The artist suffered a shooting accident in his youth, meaning he had to learn to paint with his left hand and was exempt from active service in the First World War.
He still managed to establish himself as an artist and a teacher, however. Canadian artist Emily Carr was probably his best-known pupil.
Talmage’s work appears at auction fairly often. Typically he depicted views of the Cornish coast or idyllic scenes with languid figures or horses.
A work that recently emerged at Hampshire saleroom Andrew Smith & Son (21% buyer’s premium) was rather different.
The Bass Fisher depicted a woman sitting on the rocks fishing with her creel beside her.

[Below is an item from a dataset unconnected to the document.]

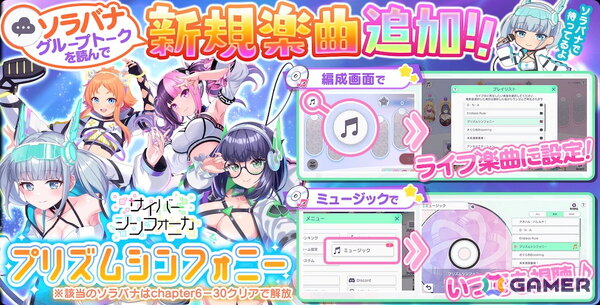 「STELLAR IDOL PROJECT」サイバーシンフォニカ新曲「プリズムシンフォニー」が登場！Yukaccoさん＆彦田元気さんが書き下ろしの画像7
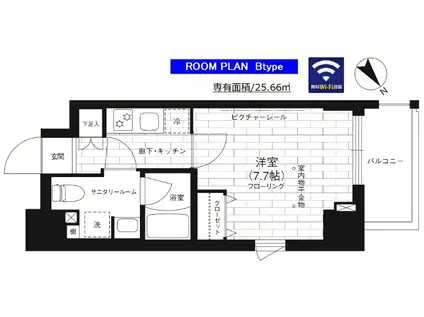 ステージファースト大森山王(1K/7階)の間取り写真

The subject, colours and composition made it stand out from the majority of his known output and it was arguably more serene, striking and composed. It was also significantly larger than most and had a good date.
The 2ft 11in x 3ft 10in (88cm x 1.16m) signed oil on canvas was dated 1917 and, by repute, it had one of the artist’s Royal Academy exhibits. It came to auction from a local Hampshire vendor, having been in the same family since at least the 1960s.
Against a £2000-3000 estimate at the sale on December 15-16, it attracted strong interest not only from the UK but also overseas. It was knocked down at £13,500 to a collector in New York.
The only higher price at auction recorded for the artist is the $22,500 (£17,060) for Seaside View from 1922, another large work but more in keeping with his brighter style.